Tips for growing your own summer fruits

February 2023 in Design Inspiration

Tips for growing your own summer fruits

Fruit and summer go hand-in-hand. There’s nothing better than a fruit salad or a delicious smoothie on a hot day. You could attend your local market or grocery store and find a wide selection, but nothing compares to the satisfaction of harvesting your own crop.

Make the most of great weather and long summers with our tips for planting and enjoying the benefits of your fresh summer fruits, while also reaping the rewards long after summer has gone, with options such as freezing, preserving and making jams and condiments.


Choosing the right fruit

Do you often find yourself craving a particular fruit that’s hard to find at the supermarket? Growing your own fruit is a simple way to keep costs down and ensure there’s always enough for you and your family.
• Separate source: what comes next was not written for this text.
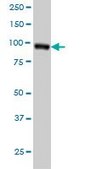 Monoclonal Anti-RALBP1 antibody produced in mouse clone 2A1, purified immunoglobulin, buffered aqueous solution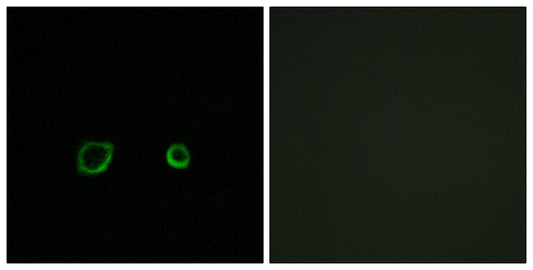 Contactin 4 Rabbit Polyclonal Antibody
Deciding what fruit to plant in your garden can be subject to several factors, including taste, space, weather conditions and adequate lighting.

Many citrus and stone fruit trees require at least 6 hours of uninterrupted sunlight throughout the day, whereas raspberries, bananas, mandarins, and oranges are more adequately suited to partial shade.


Investing in fruit trees

Fruit trees provide flowers, fruit, and beneficial shade during the hot, Australian summer. Almost all fruit trees benefit from full sun, good soil drainage, and enough room to thrive.

Plant your trees with enough space in between, keeping them away from other plants, fences, and infrastructure. Plan your garden according to the size of the mature plant. Maintain adequate drainage by adding organic matter, including kitchen compost, garden compost, and well-rotted manure to your soil.

Save on citrus and stone fruit trees by purchasing bare-rooted varieties during winter. Soak the tree in a large container of water before planting it in a hole large enough for the tree roots and any organic soil. Water your tree well.

Citrus and stone fruit trees are self-fertile, which means they will produce fruit even if they are grown in solitary conditions (away from other trees).

Apple, pear, cherry, and plum trees require a cross-pollinator to bear fruit. Cross-pollinating includes transferring pollen from the flowers of one plant to another. These trees are best suited when planted among other flowering fruit trees, as the proximity is ideal for the wind and other cross-pollinating sources. Bees are expert cross-pollinators. Invite bees into your garden by planting plenty of native Australian flowers and abstaining from insecticides.


A berry good choice

Summer berries include blueberries, blackberries, raspberries, and strawberries. All summer berries thrive whether they are planted in the garden or plant pots. Ensure your berries are planted in direct sunlight. Raspberries are the only berries that require partial shade. To ensure healthy, fruiting plants, maintain nutrient-dense, freely draining soil.


Growing olives

Did you know olives are regarded as fruit? These European diet staples are packed full of Vitamin E and antioxidants beneficial for heart health. Olives thrive in long, hot climates just like their native Mediterranean conditions. Plant your olive trees in full sun, where the fruits find at least 6 hours of light. Keep protected from strong winds with a stake as support or by planting among other tall plants.


Caring for your trees

Lightly prune your fruit trees right after you’ve collected your summer crop. Only prune where necessary though, as severe pruning during summer may weaken the trees.

Keep significant pruning to winter to fix any issues, including dead wood and broken or tangled branches.